Livestock production covers about 45% of the Earth’s surface, making it the world’s most dominant land use. Climate change is expected to severely impact livestock production due to decreasing supplies of water, lower quality of feed crop and livestock diseases.It’s been predicted that a 20% reduction in rainfall could reduce pasture productivity by 15%, and livestock weight gain by 12%, which would substantially reduce farm income.
Despite this, global demand for livestock products is expected to double by 2050. Woah!
Animal farming is heavily reliant upon feed such as wheat and barley, so obviously, any affect climate change has on the grain industry will have knock-on effects when it comes to feeding livestock.
Beef production in southern Australia will be severely threatened due to warmer and drier climates, as the cattle breeds farmed in these areas will not tolerate the heat. Vulnerability to heat stress may affect the poultry industry and lead to a poor laying rate, reduced egg weight and shell quality, reduced fertility and mortality. Lambing season and the traditional ‘spring lamb’ are threatened due to expected reductions in rainfall that will affect the nutritious pastures that lambs traditionally graze on, while pigs will also be susceptible to heat stress,, which will reduce production.
All in all, the University of Melbourne study concludes that the quality of beef, chicken and even kangaroo will suffer under new climate conditions.
Fisheries are already under stress by overexploitation and pollution. However, warming water in oceans, rivers and lakes, combined with rising sea levels and melting ice will continue to impact the biodiversity of marine animals or change species distributions. Some may adapt, but some may not be able to. Gulp!
Shifting sea currents caused by global warming mean that species may move from current locations. In addition, increased flooding and land run-off has the potential to alter ocean chemistry, making it more difficult for some species to survive. It’s still unknown how an increasingly acidic sea will affect marine life, but it’s expected that it will cause thinner shells in some crustaceans, which reduce their growth, survival and reproduction. Changing temperatures and ocean chemistry may also increase the likelihood of disease in some species.
Food availability and security
So, what does all this mean for our food supply? Will we have enough? And what will happen to the cost of food?
The quality, quantity and seasonality of Australia’s food already impacts the price of our fresh produce. For example, when Cyclone Larry destroyed 90% of North Queensland’s banana crop back in 2006, it affected supply for 9 months, increasing prices by 500%! Wow!

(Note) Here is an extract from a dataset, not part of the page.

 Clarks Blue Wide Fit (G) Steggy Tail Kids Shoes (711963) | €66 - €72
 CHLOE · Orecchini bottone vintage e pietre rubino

Typically, Australia has less than 30 days’ supply of non-perishable food and less than five days’ supply of perishable food in the supply chain at any one time. These low reserves are vulnerable to natural disasters and disruption to transport from extreme weather.

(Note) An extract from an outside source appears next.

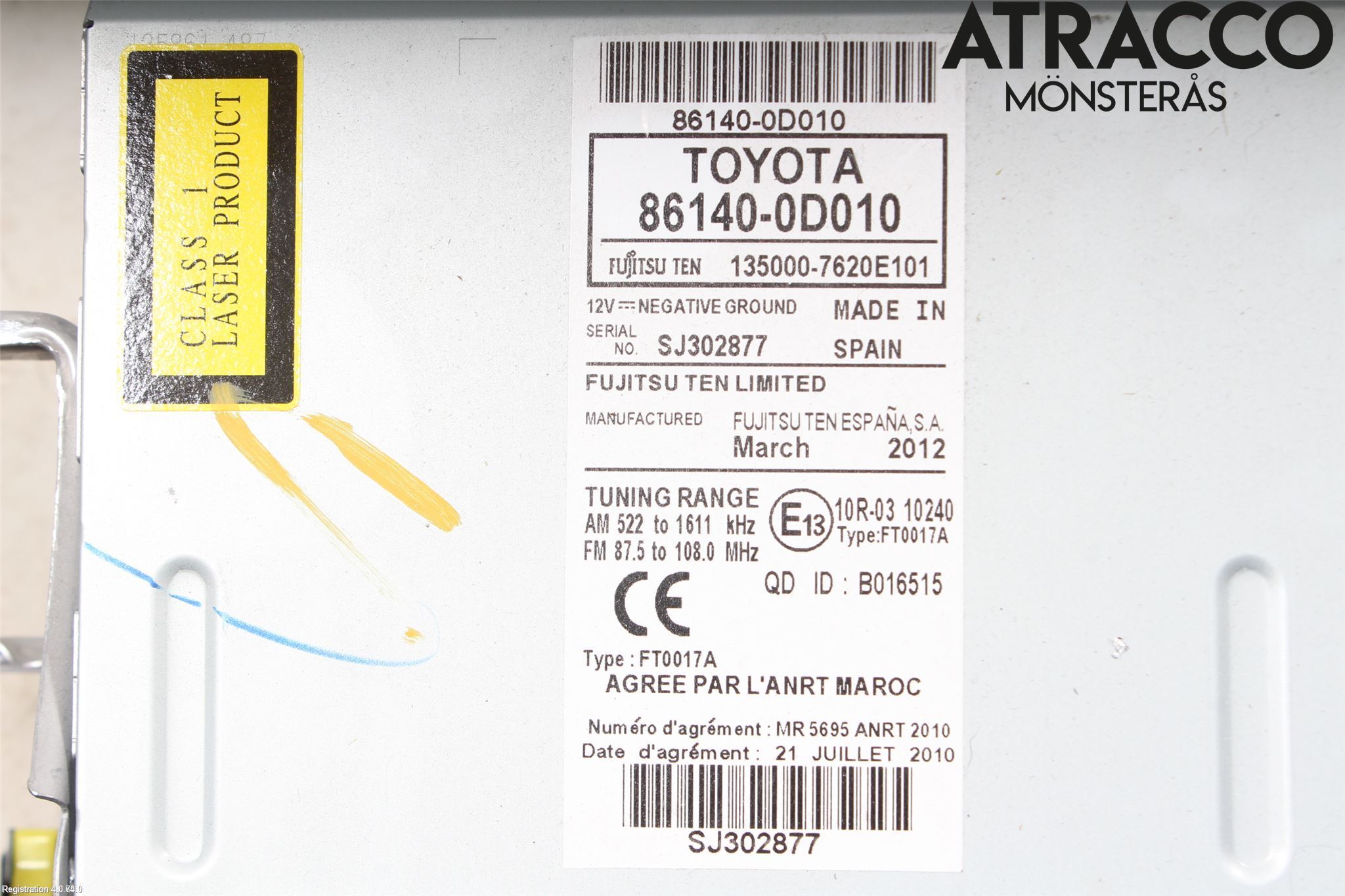 Toyota YARIS XP130 12-14 Stereo Radio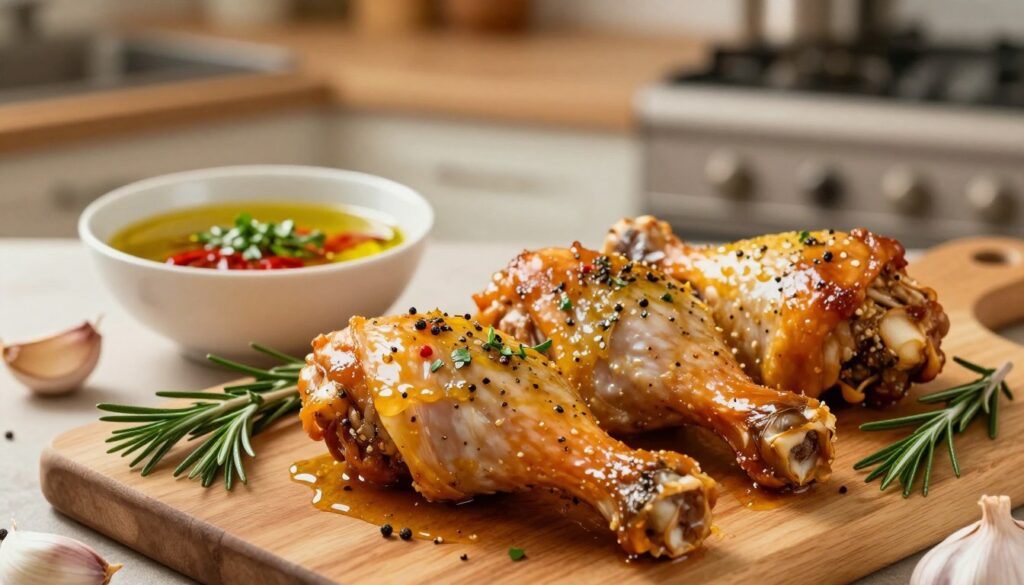 A beautifully arranged scene showcasing juicy chicken drumsticks marinated with herbs and spices. In the foreground, the drumsticks glisten with a rich, golden-brown glaze, set on a wooden cutting board surrounded by sprigs of rosemary and garlic cloves. In the middle ground, a small bowl holds a colorful marinade made of olive oil, paprika, and freshly chopped herbs, adding depth to the composition. The background features a soft focus of a cozy kitchen with warm lighting, enhancing the inviting atmosphere. The shot is taken from a slightly elevated angle, creating a sense of warmth and home-cooked comfort. The soft, diffused light highlights the textures of the chicken, emphasizing the preparation and marinating process for maximum flavor. A beautifully arranged scene showcasing juicy chicken drumsticks marinated with herbs and spices. In the foreground, the drumsticks glisten with a rich, golden-brown glaze, set on a wooden cutting board surrounded by sprigs of rosemary and garlic cloves. In the middle ground, a small bowl holds a colorful marinade made of olive oil, paprika, and freshly chopped herbs, adding depth to the composition. The background features a soft focus of a cozy kitchen with warm lighting, enhancing the inviting atmosphere. The shot is taken from a slightly elevated angle, creating a sense of warmth and home-cooked comfort. The soft, diffused light highlights the textures of the chicken, emphasizing the preparation and marinating process for maximum flavor.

Unfortunately, Australia is projected to be one of the most adversely affected regions from climate change when it comes to agricultural production.
A report by the Climate Council predicts that “these impacts will in turn affect everyday Australian households as food prices and food availability become more volatile and affect the economies and social fabric of those communities that rely on agricultural production”.
Where to from here?
It’s clear that the future of food production, both in Australia and on a global scale, will depend upon how well we can adapt to climate change. Scientists are currently working with farmers to develop new strains of crops, and new methods of farming that will enable us to adapt to a hotter, drier climate.
However, we don’t have to sit back and let the scientists come up with all the solutions. By working together by engaging in more sustainable practices, we can all make a difference.
It may seem that your efforts to reduce, reuse and recycle are small, but collectively we can have a huge impact on the planet.
Are you ready to do your bit to protect our future?